Overview

At Bucketplace (오늘의집), researched and developed personalized multimodal retrieval systems by combining sequential recommendation models with vision-language models and knowledge distillation techniques. This work explores unifying visual understanding, language comprehension, and user behavior modeling into a single retrieval framework for e-commerce product recommendation.

Key Achievements

  • Sequential Modeling: Implemented SASRec (Self-Attentive Sequential Recommendation) for user behavior modeling, learning from product page view and click patterns
  • Multimodal Embeddings: Integrated Jina-CLIP-V2 for joint vision-language representations
  • Knowledge Distillation: Applied distillation techniques to create efficient production models from large VLMs
  • Demo Development: Built interactive demo using Streamlit and BentoML

Technical Approach

Problem Context

Existing recommendation systems at Bucketplace (e.g., SASRec-based producers for PDP feed) operate on behavioral signals alone — click patterns, view history, and purchase sequences. These models predict “what the user will look at next” but lack understanding of why — the visual attributes, style preferences, and aesthetic choices that drive user decisions.

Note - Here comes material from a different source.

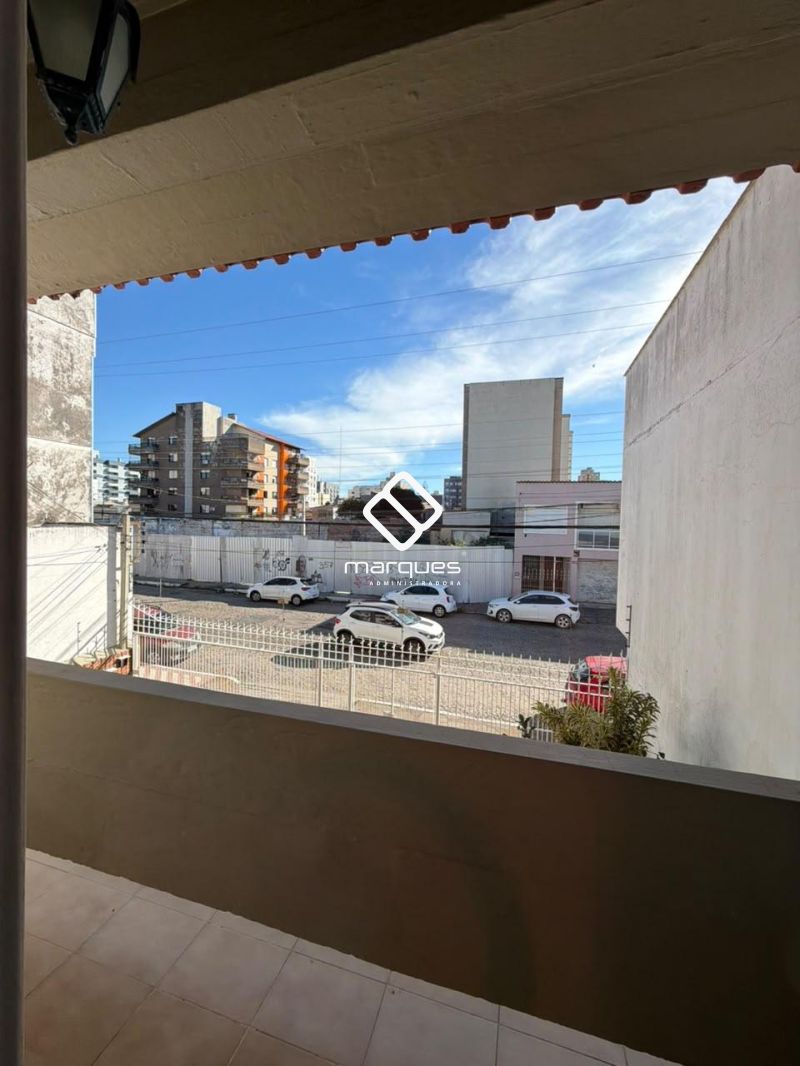 Casa com 3 quartos, 2 banheiros e 233m² à venda no bairro Centro, Pelotas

Approach: VLM-Distilled Sequential Recommendation

  1. Teacher Model (VLM): Jina-CLIP-V2 generates rich multimodal embeddings that capture both visual and textual product attributes
  2. Student Model (SASRec): A lightweight sequential recommendation model is trained to predict the VLM’s embedding outputs, effectively distilling multimodal understanding into an efficient sequential model
  3. Metric Learning: PyTorch-Metric-Learning for contrastive training between user interaction sequences and multimodal product representations
  4. Efficient Training: QLoRA for parameter-efficient fine-tuning, DeepSpeed for distributed training

Integration with Recommendation Pipeline

The distilled model slots into the existing Producer → Mixer → Ranker → Twiddler recommendation pipeline at Bucketplace, providing multimodal-aware candidate generation alongside existing behavioral producers (SASRec from PDP click, similar image, popular CTR, etc.).

Tech Stack

  • Deep Learning: PyTorch, HuggingFace, DeepSpeed
  • Training: Lightning AI, QLoRA
  • Metric Learning: PyTorch-Metric-Learning
  • VLM: Jina-CLIP-V2
  • Sequential Models: SASRec
  • Deployment: BentoML, Streamlit

Period

May 2025 - June 2025 | Bucketplace (오늘의집)

Impact

This project explores the next generation of product recommendation by bridging the gap between visual understanding and behavioral prediction. By distilling VLM knowledge into efficient sequential models, the approach enables personalized multimodal retrieval that can understand both what users do and what they see, unlocking style-aware and context-aware product discovery at scale.